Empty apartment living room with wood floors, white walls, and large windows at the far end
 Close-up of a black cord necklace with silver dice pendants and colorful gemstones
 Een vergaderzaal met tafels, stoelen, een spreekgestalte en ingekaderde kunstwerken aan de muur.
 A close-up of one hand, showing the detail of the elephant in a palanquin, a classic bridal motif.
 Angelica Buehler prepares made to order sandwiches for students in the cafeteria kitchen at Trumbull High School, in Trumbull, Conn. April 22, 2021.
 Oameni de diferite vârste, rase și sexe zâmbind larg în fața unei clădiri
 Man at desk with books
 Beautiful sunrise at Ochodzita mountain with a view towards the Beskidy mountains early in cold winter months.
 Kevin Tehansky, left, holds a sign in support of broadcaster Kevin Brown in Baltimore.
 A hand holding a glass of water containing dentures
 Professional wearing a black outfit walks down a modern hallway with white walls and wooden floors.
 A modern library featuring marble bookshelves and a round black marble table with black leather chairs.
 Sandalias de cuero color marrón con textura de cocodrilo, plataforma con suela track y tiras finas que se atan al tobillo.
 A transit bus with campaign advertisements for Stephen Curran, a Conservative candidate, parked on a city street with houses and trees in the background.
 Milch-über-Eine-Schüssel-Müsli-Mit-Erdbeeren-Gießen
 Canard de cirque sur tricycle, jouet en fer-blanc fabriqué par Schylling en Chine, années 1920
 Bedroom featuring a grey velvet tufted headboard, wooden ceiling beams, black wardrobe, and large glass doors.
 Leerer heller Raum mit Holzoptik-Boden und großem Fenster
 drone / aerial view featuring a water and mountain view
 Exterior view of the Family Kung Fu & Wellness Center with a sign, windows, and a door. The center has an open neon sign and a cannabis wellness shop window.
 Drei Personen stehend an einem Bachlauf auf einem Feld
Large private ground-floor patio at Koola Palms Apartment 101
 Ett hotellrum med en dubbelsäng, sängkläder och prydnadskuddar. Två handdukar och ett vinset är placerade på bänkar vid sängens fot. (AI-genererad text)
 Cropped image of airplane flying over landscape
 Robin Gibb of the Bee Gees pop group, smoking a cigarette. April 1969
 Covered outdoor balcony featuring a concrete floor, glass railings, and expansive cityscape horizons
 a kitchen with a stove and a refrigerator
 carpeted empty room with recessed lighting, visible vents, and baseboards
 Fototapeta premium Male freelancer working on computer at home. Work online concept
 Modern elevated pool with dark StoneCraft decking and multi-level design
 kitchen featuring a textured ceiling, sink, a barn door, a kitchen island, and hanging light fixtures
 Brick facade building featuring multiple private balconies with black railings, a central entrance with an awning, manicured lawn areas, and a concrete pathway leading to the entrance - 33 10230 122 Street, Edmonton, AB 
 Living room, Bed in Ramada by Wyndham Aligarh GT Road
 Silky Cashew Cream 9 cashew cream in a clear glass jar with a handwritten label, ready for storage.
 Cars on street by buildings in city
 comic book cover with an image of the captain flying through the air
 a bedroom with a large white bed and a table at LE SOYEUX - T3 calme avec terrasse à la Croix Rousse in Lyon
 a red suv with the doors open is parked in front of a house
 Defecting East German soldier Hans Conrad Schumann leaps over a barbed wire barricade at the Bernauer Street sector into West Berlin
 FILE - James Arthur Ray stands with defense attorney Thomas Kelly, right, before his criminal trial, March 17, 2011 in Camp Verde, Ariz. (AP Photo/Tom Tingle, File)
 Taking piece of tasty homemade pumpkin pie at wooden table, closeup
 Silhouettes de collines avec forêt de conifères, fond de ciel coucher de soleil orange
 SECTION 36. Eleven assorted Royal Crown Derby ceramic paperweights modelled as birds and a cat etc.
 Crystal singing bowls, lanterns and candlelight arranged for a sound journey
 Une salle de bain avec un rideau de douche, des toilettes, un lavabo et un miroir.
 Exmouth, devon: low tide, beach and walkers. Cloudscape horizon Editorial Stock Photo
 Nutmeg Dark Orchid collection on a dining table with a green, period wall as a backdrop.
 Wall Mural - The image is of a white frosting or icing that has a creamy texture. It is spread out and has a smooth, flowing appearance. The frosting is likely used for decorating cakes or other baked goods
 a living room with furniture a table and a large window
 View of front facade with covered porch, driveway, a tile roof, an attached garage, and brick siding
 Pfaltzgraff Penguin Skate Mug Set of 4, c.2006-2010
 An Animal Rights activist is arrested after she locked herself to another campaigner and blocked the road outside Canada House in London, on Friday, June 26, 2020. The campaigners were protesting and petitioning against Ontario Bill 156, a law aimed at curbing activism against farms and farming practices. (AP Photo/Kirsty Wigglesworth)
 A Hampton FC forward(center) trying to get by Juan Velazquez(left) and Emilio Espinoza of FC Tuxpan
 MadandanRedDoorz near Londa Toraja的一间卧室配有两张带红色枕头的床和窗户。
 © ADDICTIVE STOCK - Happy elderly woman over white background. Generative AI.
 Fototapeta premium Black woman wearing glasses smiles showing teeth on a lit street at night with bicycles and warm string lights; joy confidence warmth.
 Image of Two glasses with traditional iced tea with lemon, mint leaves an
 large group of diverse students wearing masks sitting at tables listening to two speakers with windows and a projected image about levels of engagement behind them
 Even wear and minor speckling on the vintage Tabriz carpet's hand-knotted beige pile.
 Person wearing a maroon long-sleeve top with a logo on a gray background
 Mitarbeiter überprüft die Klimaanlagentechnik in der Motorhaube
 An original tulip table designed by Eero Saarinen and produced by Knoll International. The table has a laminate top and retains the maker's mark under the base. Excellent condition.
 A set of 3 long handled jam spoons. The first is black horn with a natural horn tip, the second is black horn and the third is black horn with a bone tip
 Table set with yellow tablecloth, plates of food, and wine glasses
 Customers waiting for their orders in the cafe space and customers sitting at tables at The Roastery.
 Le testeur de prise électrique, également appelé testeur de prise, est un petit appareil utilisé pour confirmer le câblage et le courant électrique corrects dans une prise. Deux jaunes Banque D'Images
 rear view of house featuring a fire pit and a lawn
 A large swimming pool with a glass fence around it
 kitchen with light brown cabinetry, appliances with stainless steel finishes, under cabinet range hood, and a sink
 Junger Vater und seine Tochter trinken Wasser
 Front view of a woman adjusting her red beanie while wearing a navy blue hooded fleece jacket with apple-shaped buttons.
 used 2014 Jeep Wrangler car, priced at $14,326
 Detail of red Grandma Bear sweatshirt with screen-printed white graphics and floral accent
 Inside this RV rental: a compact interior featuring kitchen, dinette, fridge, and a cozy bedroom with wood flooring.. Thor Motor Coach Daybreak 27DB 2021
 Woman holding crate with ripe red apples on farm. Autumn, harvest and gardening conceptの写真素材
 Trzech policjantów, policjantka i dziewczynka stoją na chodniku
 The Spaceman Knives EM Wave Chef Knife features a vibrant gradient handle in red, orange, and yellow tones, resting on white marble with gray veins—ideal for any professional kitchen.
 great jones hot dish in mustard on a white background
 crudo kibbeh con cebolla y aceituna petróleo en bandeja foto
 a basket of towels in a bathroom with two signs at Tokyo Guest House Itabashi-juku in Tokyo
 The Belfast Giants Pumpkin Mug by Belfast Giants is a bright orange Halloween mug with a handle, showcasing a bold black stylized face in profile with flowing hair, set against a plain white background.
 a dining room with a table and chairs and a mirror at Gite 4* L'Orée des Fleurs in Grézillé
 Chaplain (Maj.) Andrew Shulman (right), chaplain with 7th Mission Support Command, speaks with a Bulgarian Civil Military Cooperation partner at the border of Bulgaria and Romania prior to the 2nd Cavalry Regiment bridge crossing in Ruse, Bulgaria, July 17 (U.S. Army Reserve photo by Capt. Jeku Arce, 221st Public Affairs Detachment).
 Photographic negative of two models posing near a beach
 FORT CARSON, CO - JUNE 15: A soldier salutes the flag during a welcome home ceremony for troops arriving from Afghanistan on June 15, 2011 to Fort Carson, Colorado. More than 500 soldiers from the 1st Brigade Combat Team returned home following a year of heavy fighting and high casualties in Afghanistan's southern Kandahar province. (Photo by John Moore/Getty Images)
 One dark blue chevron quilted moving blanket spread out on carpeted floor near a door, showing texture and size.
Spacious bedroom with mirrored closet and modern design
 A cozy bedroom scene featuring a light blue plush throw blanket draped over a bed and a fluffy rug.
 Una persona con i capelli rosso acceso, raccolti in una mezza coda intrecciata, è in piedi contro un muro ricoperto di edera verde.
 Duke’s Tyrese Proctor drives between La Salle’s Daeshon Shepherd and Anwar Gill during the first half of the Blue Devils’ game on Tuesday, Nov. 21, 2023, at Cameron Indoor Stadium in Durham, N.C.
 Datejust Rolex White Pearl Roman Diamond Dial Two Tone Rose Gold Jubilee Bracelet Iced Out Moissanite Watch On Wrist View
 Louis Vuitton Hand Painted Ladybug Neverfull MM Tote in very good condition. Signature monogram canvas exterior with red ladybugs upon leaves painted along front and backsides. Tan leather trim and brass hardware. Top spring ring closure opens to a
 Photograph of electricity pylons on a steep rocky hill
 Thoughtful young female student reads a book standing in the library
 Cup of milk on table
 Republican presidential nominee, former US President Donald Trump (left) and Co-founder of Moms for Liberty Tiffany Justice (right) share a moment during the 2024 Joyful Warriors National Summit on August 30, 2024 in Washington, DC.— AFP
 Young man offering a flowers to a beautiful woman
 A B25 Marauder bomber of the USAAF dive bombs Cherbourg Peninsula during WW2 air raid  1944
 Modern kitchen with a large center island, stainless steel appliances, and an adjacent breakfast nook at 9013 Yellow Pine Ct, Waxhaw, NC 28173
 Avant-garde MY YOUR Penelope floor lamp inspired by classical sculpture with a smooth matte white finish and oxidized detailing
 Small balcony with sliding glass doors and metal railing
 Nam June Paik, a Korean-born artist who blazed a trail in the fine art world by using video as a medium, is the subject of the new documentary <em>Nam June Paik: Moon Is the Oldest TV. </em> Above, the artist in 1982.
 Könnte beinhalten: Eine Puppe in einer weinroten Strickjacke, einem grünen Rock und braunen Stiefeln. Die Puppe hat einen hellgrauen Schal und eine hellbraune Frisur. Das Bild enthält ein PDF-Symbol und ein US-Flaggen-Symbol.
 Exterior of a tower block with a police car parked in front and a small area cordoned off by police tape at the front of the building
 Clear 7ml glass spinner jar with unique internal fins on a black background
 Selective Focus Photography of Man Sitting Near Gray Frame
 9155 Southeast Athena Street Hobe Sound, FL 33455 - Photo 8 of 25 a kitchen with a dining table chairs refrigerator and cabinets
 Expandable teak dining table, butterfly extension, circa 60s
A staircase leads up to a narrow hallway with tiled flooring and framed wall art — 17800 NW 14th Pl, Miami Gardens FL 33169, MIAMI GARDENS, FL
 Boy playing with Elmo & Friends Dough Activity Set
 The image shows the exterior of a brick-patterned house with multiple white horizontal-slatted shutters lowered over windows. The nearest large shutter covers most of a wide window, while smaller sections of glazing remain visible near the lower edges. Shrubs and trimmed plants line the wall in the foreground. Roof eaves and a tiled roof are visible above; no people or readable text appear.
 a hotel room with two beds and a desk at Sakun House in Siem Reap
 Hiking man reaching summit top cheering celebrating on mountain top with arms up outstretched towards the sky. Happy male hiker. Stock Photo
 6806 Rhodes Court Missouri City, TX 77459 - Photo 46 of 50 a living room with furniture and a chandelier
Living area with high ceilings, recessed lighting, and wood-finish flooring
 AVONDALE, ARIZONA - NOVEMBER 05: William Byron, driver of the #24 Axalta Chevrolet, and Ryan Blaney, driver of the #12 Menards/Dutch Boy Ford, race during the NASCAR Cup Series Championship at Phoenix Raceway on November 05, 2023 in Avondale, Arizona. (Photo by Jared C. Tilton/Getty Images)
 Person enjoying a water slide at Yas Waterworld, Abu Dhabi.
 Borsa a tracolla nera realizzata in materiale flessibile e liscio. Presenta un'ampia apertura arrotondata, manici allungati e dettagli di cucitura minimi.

======

Could you restate word for word the lines above from the one containing "An Animal Rights" through the one containing "Junger Vater und", both included, and nothing else?

 An Animal Rights activist is arrested after she locked herself to another campaigner and blocked the road outside Canada House in London, on Friday, June 26, 2020. The campaigners were protesting and petitioning against Ontario Bill 156, a law aimed at curbing activism against farms and farming practices. (AP Photo/Kirsty Wigglesworth)
 A Hampton FC forward(center) trying to get by Juan Velazquez(left) and Emilio Espinoza of FC Tuxpan
 MadandanRedDoorz near Londa Toraja的一间卧室配有两张带红色枕头的床和窗户。
 © ADDICTIVE STOCK - Happy elderly woman over white background. Generative AI.
 Fototapeta premium Black woman wearing glasses smiles showing teeth on a lit street at night with bicycles and warm string lights; joy confidence warmth.
 Image of Two glasses with traditional iced tea with lemon, mint leaves an
 large group of diverse students wearing masks sitting at tables listening to two speakers with windows and a projected image about levels of engagement behind them
 Even wear and minor speckling on the vintage Tabriz carpet's hand-knotted beige pile.
 Person wearing a maroon long-sleeve top with a logo on a gray background
 Mitarbeiter überprüft die Klimaanlagentechnik in der Motorhaube
 An original tulip table designed by Eero Saarinen and produced by Knoll International. The table has a laminate top and retains the maker's mark under the base. Excellent condition.
 A set of 3 long handled jam spoons. The first is black horn with a natural horn tip, the second is black horn and the third is black horn with a bone tip
 Table set with yellow tablecloth, plates of food, and wine glasses
 Customers waiting for their orders in the cafe space and customers sitting at tables at The Roastery.
 Le testeur de prise électrique, également appelé testeur de prise, est un petit appareil utilisé pour confirmer le câblage et le courant électrique corrects dans une prise. Deux jaunes Banque D'Images
 rear view of house featuring a fire pit and a lawn
 A large swimming pool with a glass fence around it
 kitchen with light brown cabinetry, appliances with stainless steel finishes, under cabinet range hood, and a sink
 Junger Vater und seine Tochter trinken Wasser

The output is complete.